PROBLEM =>
Transcribe only what runs from the line containing "This kind of" through the final line below, exactly, and leave every picture out.

INFORMATION SHOWN =>
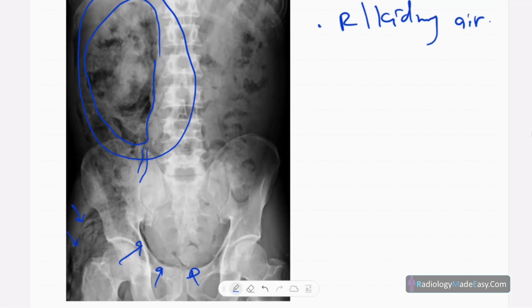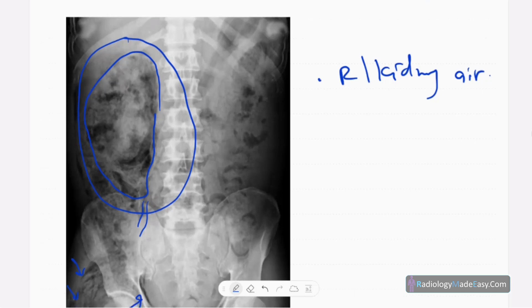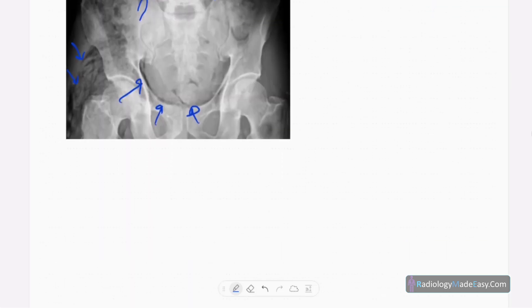There is subcutaneous emphysema — subcutaneous air and soft tissue air — so it's a kind of severe pathology. You don't see any free air within the peritoneum; no football sign within the peritoneal cavity. The air is in the retroperitoneum. There's no distension of the bowel loops to suggest obstruction, and the visualized bones are normal. The psoas shadow is unremarkable.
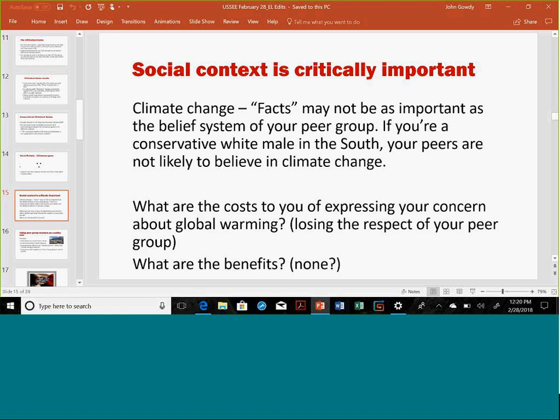This kind of insight is really important in various policies, like climate change. It may not be as important as the belief system in your peer group. If you're a conservative white male in the south, your peers are not likely to believe in climate change. So what are the costs to you of expressing concern about global warming? You lose the respect of your peer group to some extent. What are the benefits of standing outside your group? Probably really none — one person doesn't make that much difference.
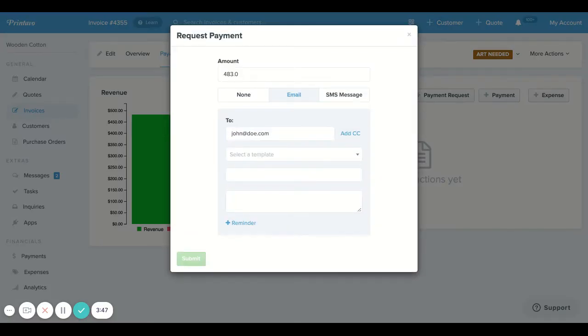What happens here is this is going to add a green button to your public invoice view that your customer can then click and apply their credit card info and then automatically pay their invoice.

SOLUTION TO THIS PROBLEM =>
This kind of insight is really important in various policies, like climate change. It may not be as important as the belief system in your peer group. If you're a conservative white male in the south, your peers are not likely to believe in climate change. So what are the costs to you of expressing concern about global warming? You lose the respect of your peer group to some extent. What are the benefits of standing outside your group? Probably really none — one person doesn't make that much difference.
What happens here is this is going to add a green button to your public invoice view that your customer can then click and apply their credit card info and then automatically pay their invoice.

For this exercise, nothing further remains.